Prof. Dr. Bilge Umar ise, Türkiye’deki Tarihsel Adlar isimli kitabında Gambreion ile ilgili olarak şu bilgileri aktarıyor:

“Xenophon’un (Hellenika, 3 I 6) andığı bir Mysia kenti. Bergama doğu yakınındaki Kınık köyünün bitişiğinde, yamaçta, toprağın bol keramik kırığı ile karışık bölümü, bir zamanlar bu kentin kapladığı alanı gösterir.

Gambreion kentinin adı, Hellen ağzında büründüğü bu biçimiyle, Gambros (=Damat) ve –eion (ya da –ion; “-yeri” anlamındaki takı) öğelerinden türetilmiş görünüyor. Oysa Xenophon’un anlattığı çağda (İÖ 400 dolayları) o yöre henüz Hellenleşmemişti; dolayısıyla; Xenophon, burada tıpkı Kawana’yı İkonion, Tuwana’yı Dana ettiği gibi) Anadolulu bir adı Hellen ağzına uydurarak aktarmış olmalıdır.”(3)

 
Gambreion kalıntıları
(Kaynak: http://erkmensenan.blogspot.com.tr/2010/06/gambreionpoyrack-knk-ve-cevresi-izmir.html) 

Kasabanın güneyinde; Kınık’a yukarıdan bakan bir konumda ve kayaların yapısının beşiği andırması nedeniyle de Beşiktaş Tepesi olarak adlandırılan yükseltinin üzerinde; biri insan eliyle yapılmış iki mağara, yıkık sur duvarları kalıntıları bu bölgede de İlkçağ’dan kalma insan yerleşimlerine işaret etmektedir.
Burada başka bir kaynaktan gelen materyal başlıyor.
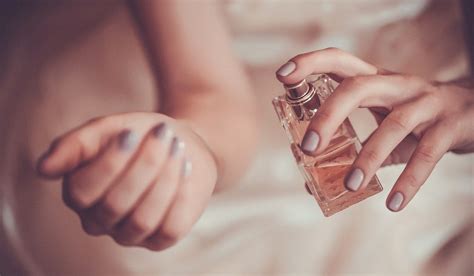 benefit parfum|why do people like perfume.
Özetle Kınık, Mysia bölgesinde Pergamon’un çeperlerinde yer alan yerleşim izlerini çağlar boyu tahrip edilmiş olsa da yine de meraklısına sunmaktadır.

 
Kınık Milli Egemenlik Parkı'ndaki 1935 tarihli Atatürk büstü ve kaidesi
(Mayıs-2010)

Merkezi yönetimin bölünmüş yol hamleleri çerçevesinde bugün Bergama-Soma karayolunun şehrin dışına taşınması sonucunda, biraz daha taşranın yalnızlığına bürünen Kınık’ın merkezinde; çarşı girişinde Kınık Milli Egemenlik Parkı karşılar ziyaretçisini. Parkın hemen ön tarafında, Cumhuriyet Meydanı’na bakan konumda; 1935 tarihini taşıyan Atatürk büstünü taşıyan kaidenin üzerinde “Cumhur Başkanımız Atatürk’e” yazısı yer almaktadır.

 
Kınık Çarşı Camisi
(Mayıs-2010)

 
Kınık Çarşı Camisi; mihrapta barok süslemeler
(Mayıs-2010)

 
Kınık Çarşı Camisi; kadınlar mahfili
(Mayıs-2010)

  
Kınık Çarşı Camisi; kadınlar mahfilinden harimin görünümü
(Mayıs-2010)

 
Kınık Çarşı Camisi; mihrabın üstünde yer alan barok süslemeler ve meyve sepetleri
(Mayıs-2010)

 
Kınık Çarşı Camisi; mihrabın üstünde yer alan meyve aranjmanları
(Mayıs-2010)

Taşra kasabalarının parklarında yaz akşamlarında tüketilir zaman. Ortada bir havuz, havuzun kıyısında tahta sandalyeler (şimdilerde çoğunlukla plastik) ve fıskiyeden dökülen su zerrelerinin suya düşerken çıkardığı seslere karışan kahkahalar, bağrışmalar, çekirdek çitlemeler; bazen uzaktan gelen bir müzik sesi; hepsi bir kasaba gecesinin içindedir şimdi.

 
Kınık'ta Milli Egemenlik Parkı'ndayız.
(Mayıs-2010)

 
Kınık; çarşıya doğru...
 (Mayıs-2010)


Kınık Pekmez Pazarı Camisi; giriş kapısında yer alan kapı tokmakları
(Fotoğraf: Nezih Aytaçlar; Kaynak: www.ebruliturizm.com.tr/kinik_soma_darkale__nezih_aytaclar_fotograflari-album298.html)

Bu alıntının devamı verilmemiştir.